The court is to construe the evidence and factual inferences arising therefrom in the light most favorable to the nonmoving party when deciding motions for summary judgment. See Adickes v. S.H. Kress & Co., 398 U.S. 144, 157, 90 S.Ct. 1598, 26 L.Ed.2d 142 (1970). The substantive law will identify which facts are material and which are irrelevant. Anderson v. Liberty Lobby, Inc., 477 U.S. 242, 248, 106 S.Ct. 2505, 91 L.Ed.2d 202 (1986). All “reasonable doubts” about the facts and all justifiable inferences are resolved in favor of the non-movant. Fitzpatrick v. City of Atlanta, 2 F.3d 1112, 1115 (11th Cir.1993). However, all “doubts” need not be so resolved. Barnes v. Southwest Forest Industries, Inc., 814 F.2d 607, 609 (11th Cir.1987). “The moving party is entitled to ‘judgment as a matter of law’ when the nonmoving party fails to make a sufficient showing of an essential element of the case to which the nonmoving party has the burden of proof.” Everett v. Napper, 833 F.2d 1507, 1510 (11th Cir.1987) (citing Celotex, 477 U.S. at 324, 106 S.Ct. 2548).
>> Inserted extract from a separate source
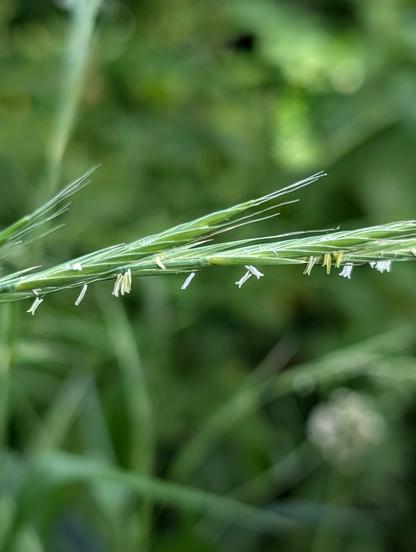 Makroaufnahme einer Wald-Trespe (Bromus benekenii) in Blüte. Die langen, hellen Staubfäden mit gelben Staubbeuteln sind deutlich sichtbar und heben sich vom unscharfen Hintergrund ab.

Macro photo of a blooming Wood Brome (Bromus benekenii). The long, pale filaments with yellow anthers are clearly visible, standing out against the soft-focus background.

Foto by Johann Seidl, Gartenpoet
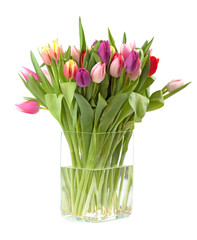 Colourful Tulips in a vase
There is a genuine dispute “if the evidence is such that a reasonable jury could return a verdict for the nonmoving party.” Anderson, 477 U.S. at 248, 106 S.Ct. 2505. When the evidence is merely colorable, or is not significantly probative, summary judgment may be granted. Id. at 249, 106 S.Ct. 2505. “The basic issue before the court on a motion for summary judgment is ‘whether the evidence presents a sufficient disagreement to require submission to a jury or whether it is so one-sided that one party must prevail as a matter of law.’ Nat'l Mining Ass'n v. Apfel, 97 F.Supp.2d 1070, 1076 (N.D.Ala.1999) (quoting Holcombe v. Alabama Dry Dock & Shipbuilding, 1998 WL 758012 (S.D.Ala.1998)) (citing Anderson, 477 U.S. at 251–252, 106 S.Ct. 2505). Summary judgment is appropriate where the moving party shows an absence of evidence to support an essential element of the nonmoving party's case. Weiss v. School Board of Hillsborough County, 141 F.3d 990, 994 (11th Cir.1998).

Legal Analysis

Under Alabama law, an insurance company's duty to defend its insured is determined by the language of the insurance policy and by the allegations in the complaint about the facts which gave rise to the cause of action against the insured. American States Ins. Co. v. Cooper, 518 So.2d 708, 709 (Ala.1987). The insurer is obligated to defend if the allegations of the injured party's complaint show an accident or an occurrence within the coverage of the policy. Hartford Cas. Ins. Co. v. Merchants & Farmers Bank, 928 So.2d 1006, 1009 (Ala.2005), citing Ladner & Co. v. Southern Guar. Ins. Co., 347 So.2d 100, 102 (Ala.1977). Exclusions must be interpreted as narrowly as possible, so as to provide maximum coverage for the insured, and are to be construed most strongly against the insurance company that drafted and issued the policy. Cincinnati Ins. Co. v. Lee Anesthesia, P.C., 641 So.2d 247, 249 (Ala.1994). The burden of proving applicability of a policy exclusion rests with the insurer. Acceptance Ins. Co. v. Brown, 832 So.2d 1, 12 (Ala.2001).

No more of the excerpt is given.